James Gray est un réalisateur parcimonieux et appliqué. Il suffit pour le constater de consulter sa filmographie : il n'a réalisé que 6 longs-métrages en 23 ans de carrière, et si certains ont eu plus de succès au box-office que d'autres, leur niveau global est plus que solide. On se souvient notamment de l'excellent "Two Lovers" ou encore de "La nuit nous appartient", tous deux avec Joaquin Phoenix, ou bien plus récemment du carton de "The Immigrant".
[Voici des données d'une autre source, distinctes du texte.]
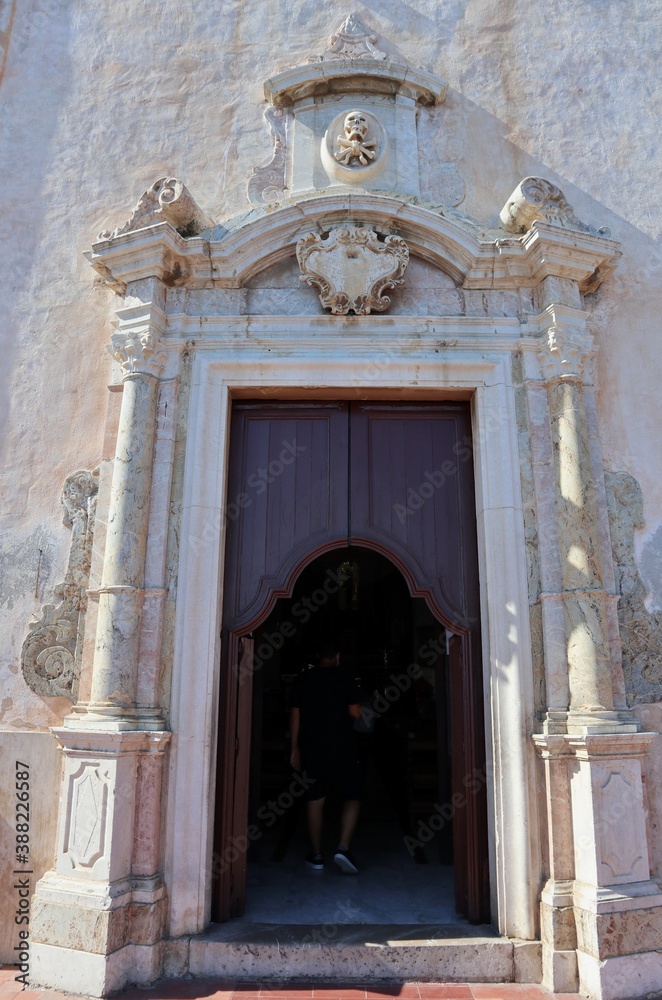 Taormina - Entrata della Chiesa di San Giuseppe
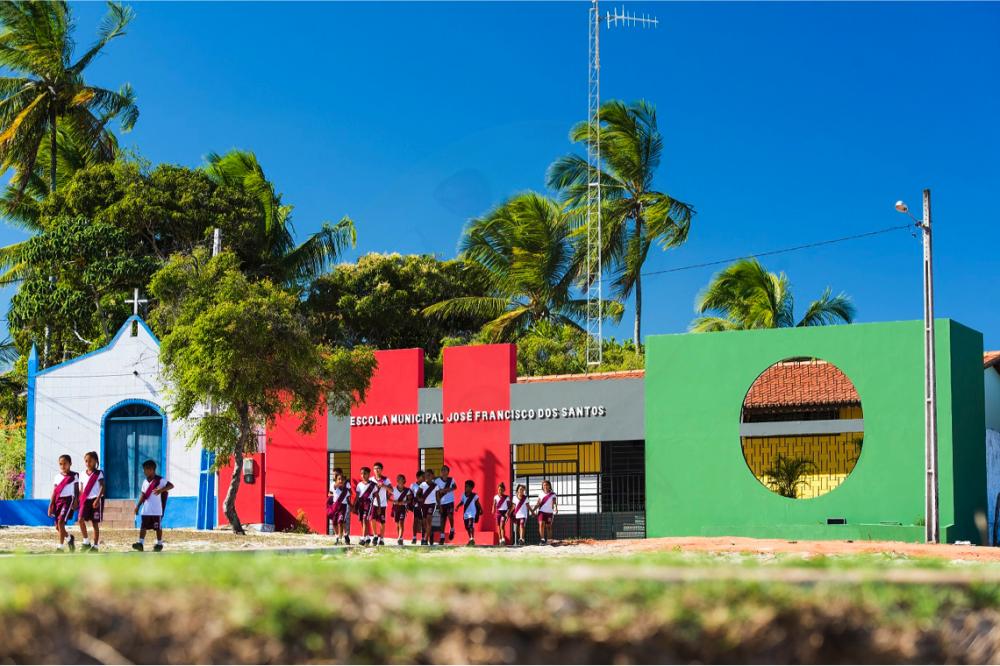 Professor em Mata é um dos poucos no Estado da Bahia que recebe acima do piso salarial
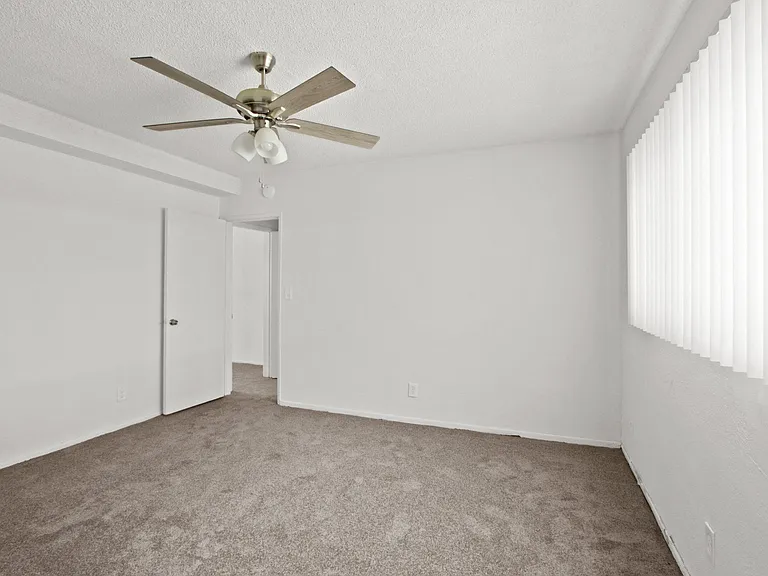 Westminster Apartments — Photo 43
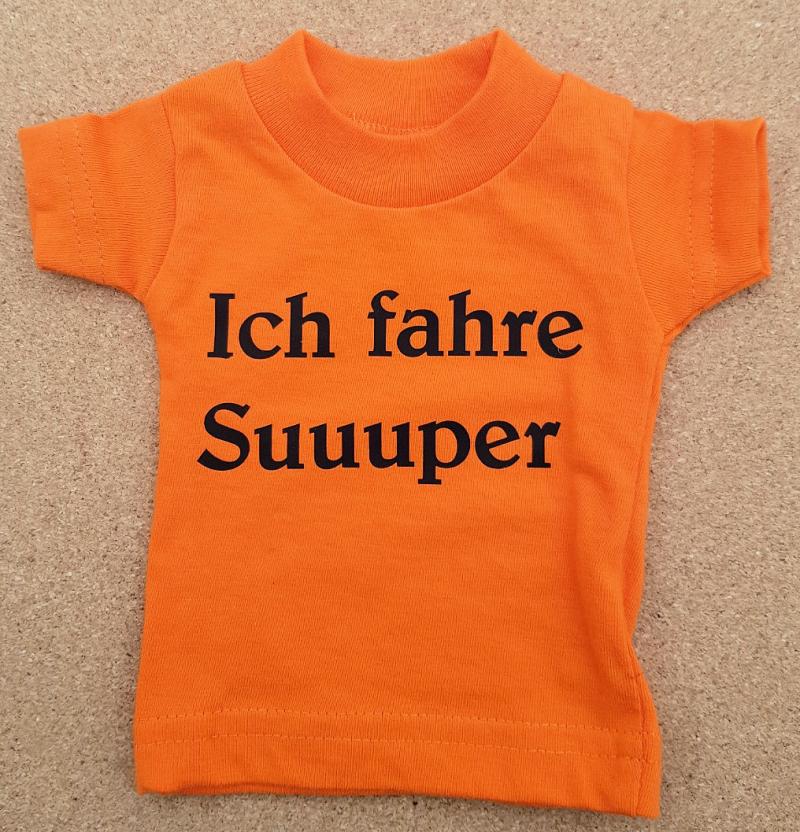 Mini T-Shirt Orange mit Spruch Saugnapf und Bügel für PKW, Wohnmobil oder Wohnwagen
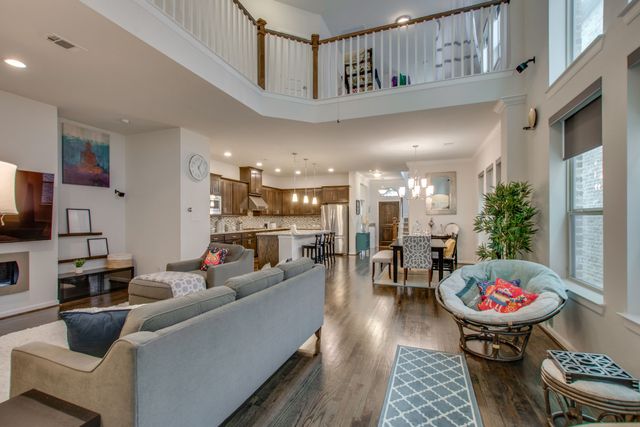 6638 Deleon Street, Irving, TX 75039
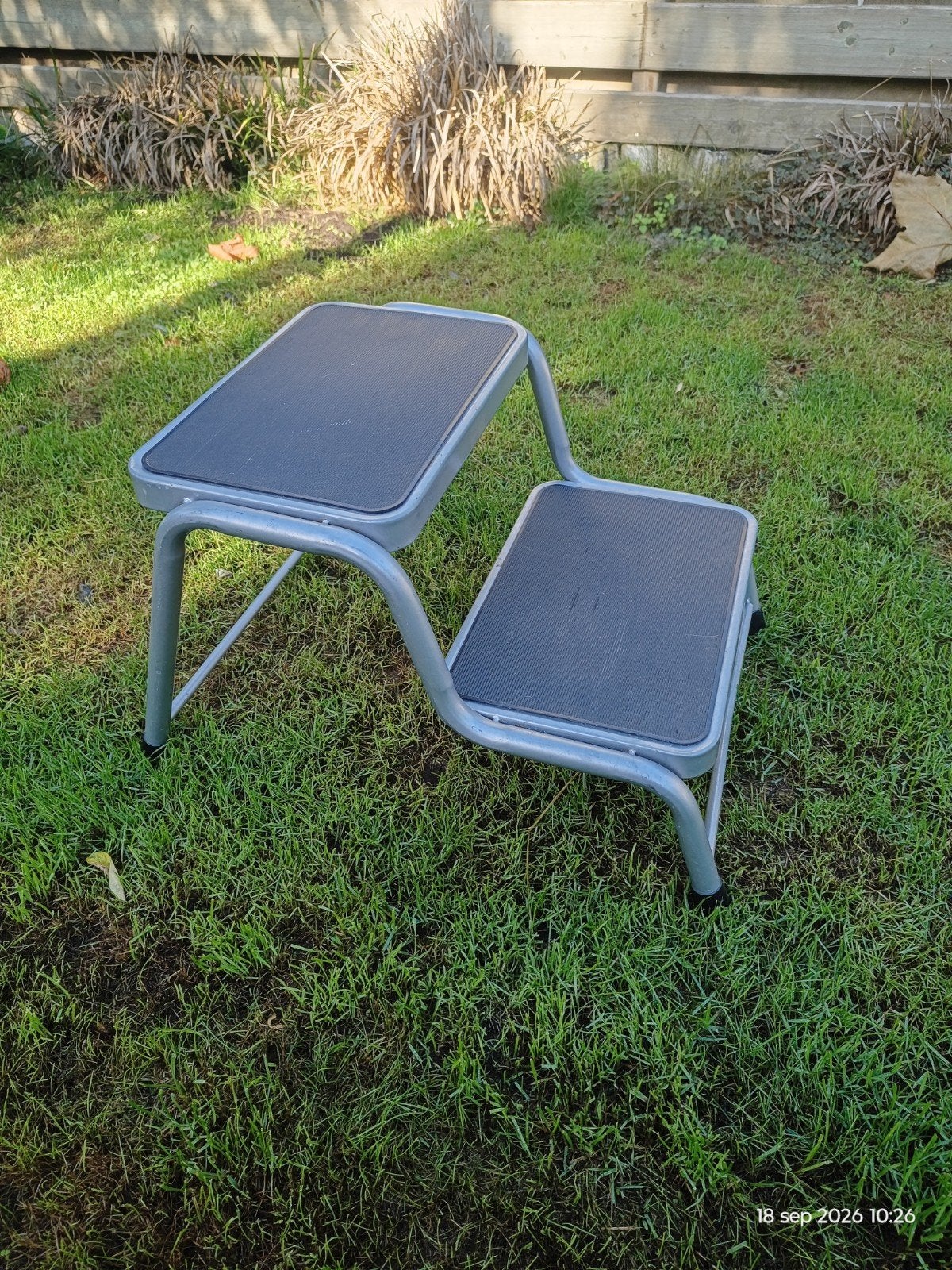 Handige 2-tredige opstap/trapje camping, Ophalen, Gebruikt, Campingmeubel-accessoire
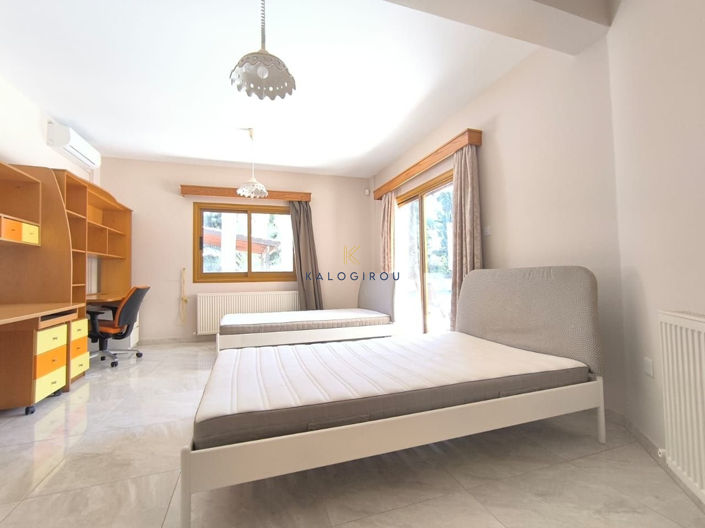 Image No.9-5 Bed House for sale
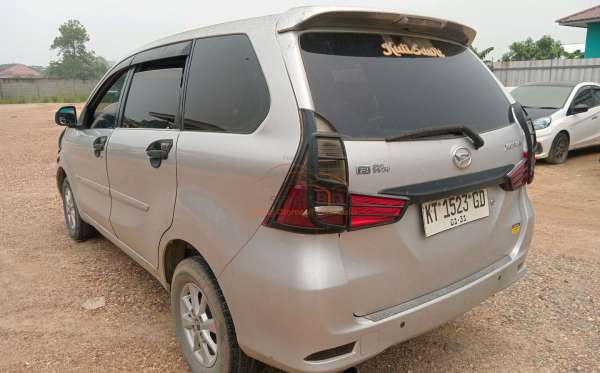 DAIHATSU XENIA R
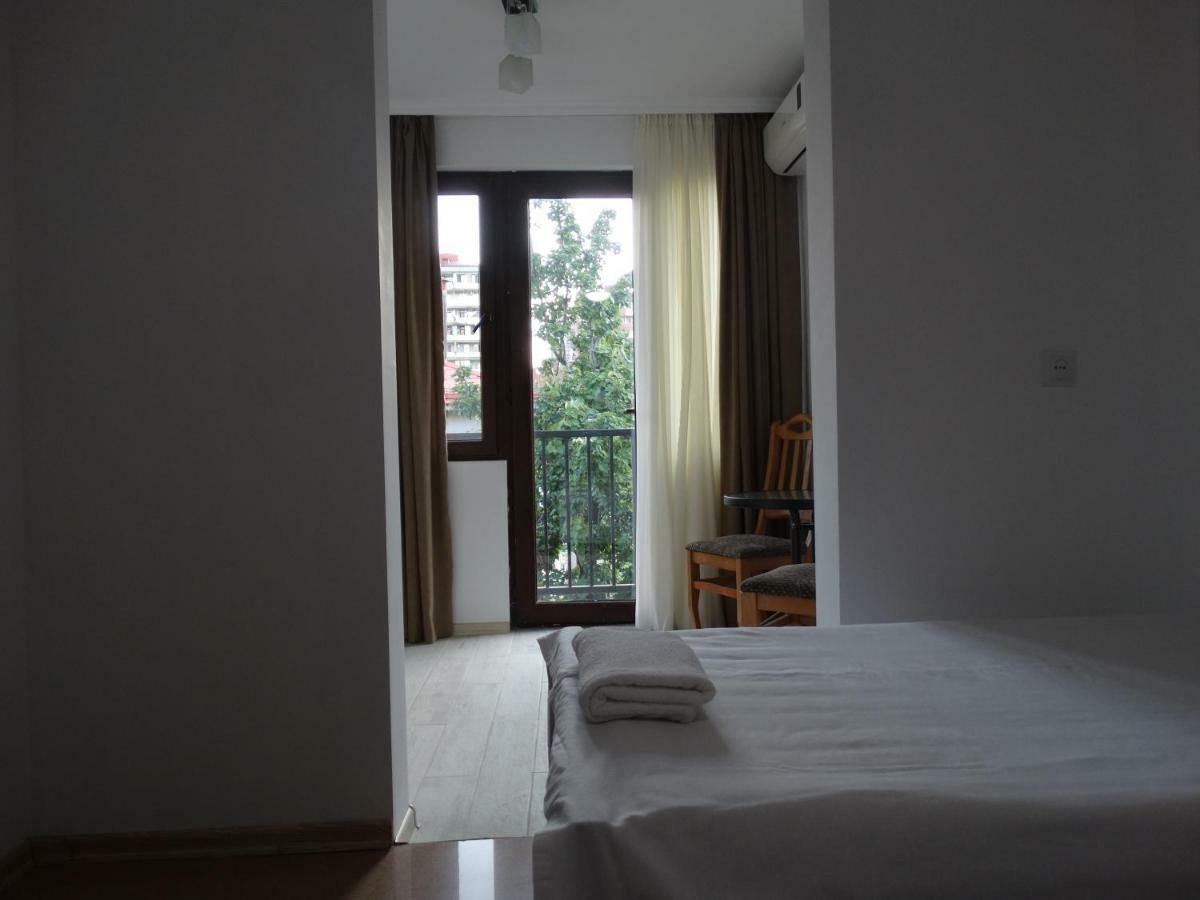 Gulnasi'S Guesthouse Batoemi Buitenkant foto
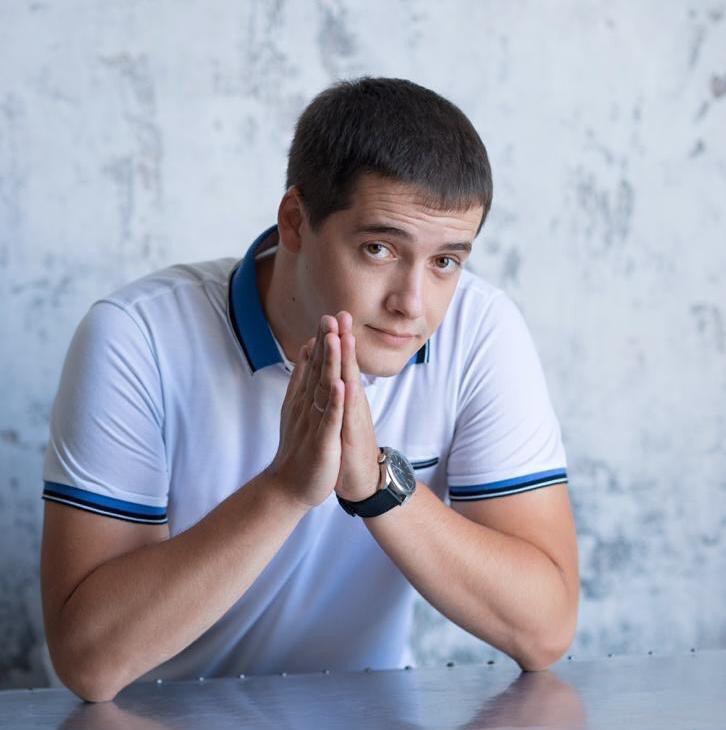 Старший консультант  Сергей Шебеко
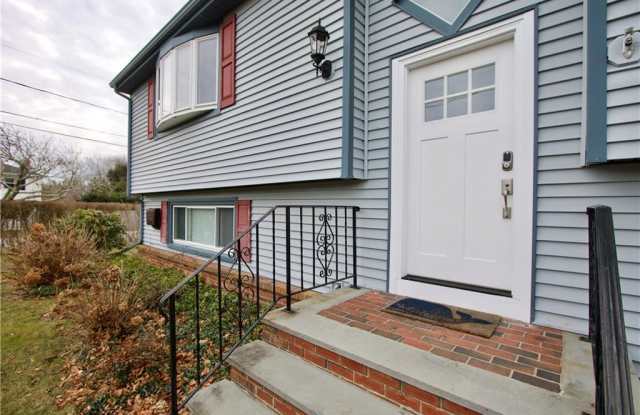 132 Kane Avenue Gallery 2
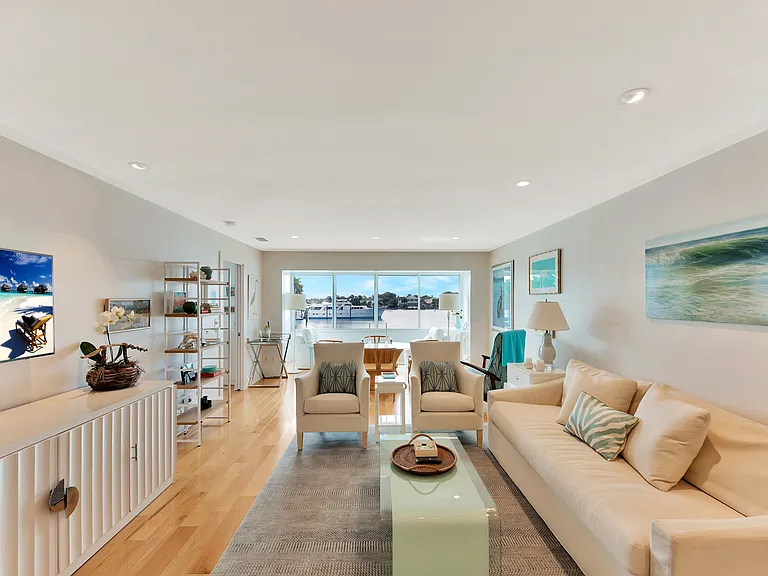 600 Riomar Dr #16 — Photo 8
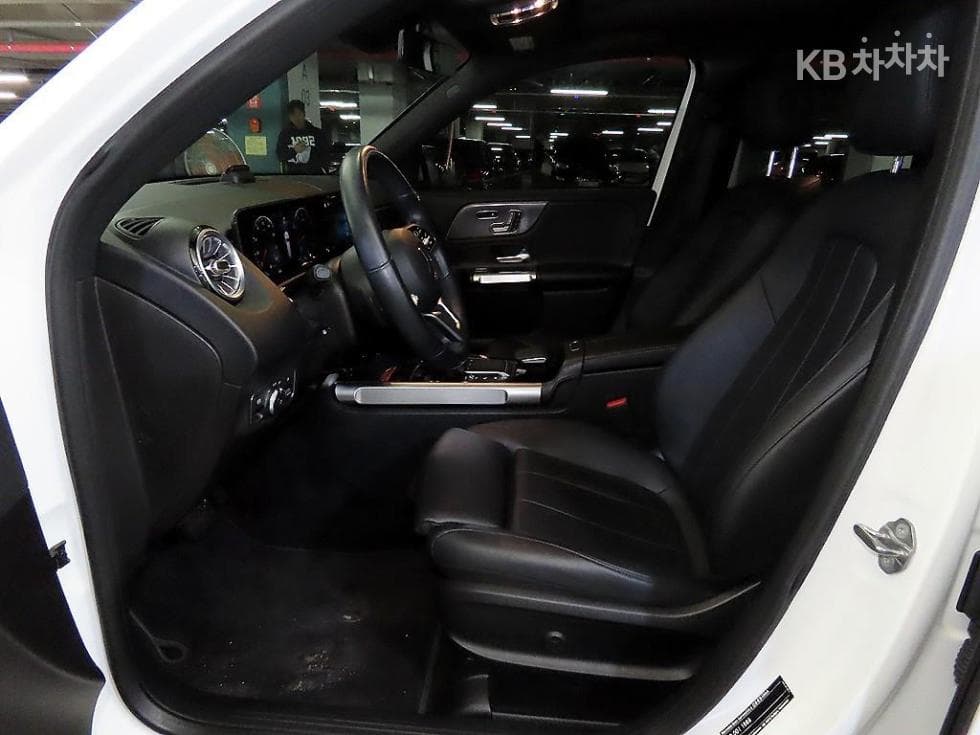 Mercedes-Benz GLB(X247)GLB 220 - 6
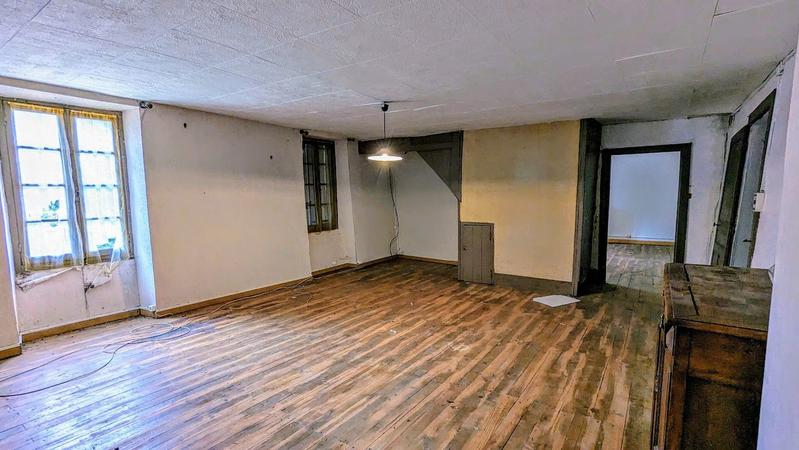 Maison - 244 m² - 8 pièces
Avec "The Lost City of Z", Gray signe un nouveau film très élégant. On le constate dès la séquence d'ouverture, qui nous permet de faire connaissance avec Percy Fawcett, colonel dans l'armée britannique, qui se distingue particulièrement lors d'une chasse à courre superbement filmée et mise en scène. Les images sont belles, la caméra judicieusement mobile et le cadre précis, la colorimétrie subtilement immersive rend bien l'époque, le début du XXème siècle, tout comme les uniformes, et plus généralement le soin porté à la confection des costumes tout au long du film. Mais surtout, on y découvre une composante essentielle du caractère de Fawcett : c'est une tête de mule flamboyante, prête à sortir des sentiers battus et à prendre tous les risques pour atteindre son objectif.


Percy est ambitieux, mais son avancement dans l'armée est malheureusement arrivé à un point d'arrêt car les hautes instances l'estiment indigne de nouvelles promotions. En effet, feu son père, alcoolique et joueur invétéré, a malencontreusement traîné le nom des Fawcett dans la boue...
Soucieux d'apporter confort, prestige et sécurité financière à sa toute jeune famille, le colonel saisit l'opportunité qui lui est offerte par la Royal Geographical Society de laver l'honneur attaché à son nom en cartographiant la frontière entre le Brésil et la Bolivie, deux pays qui risquent d'entrer en guerre pour l'exploitation des précieux Hévéas dont est issue l'industrie du caoutchouc, florissante à cette époque. La mission s'annonce difficile et dangereuse, puisqu'il faudra atteindre pour la remplir des zones encore jamais explorées par l'Homme Blanc. Elle sera aussi forcément très longue, obligeant le jeune père à être absent des côtés de sa femme et de son tout jeune fils durant plusieurs années. Heureusement, son épouse Nina, incarnée avec force et subtilité par la ravissante Sienna Miller, se sent plus que capable de se débrouiller toute seule durant son absence, et l'encourage donc de bon coeur à saisir cette opportunité inespérée.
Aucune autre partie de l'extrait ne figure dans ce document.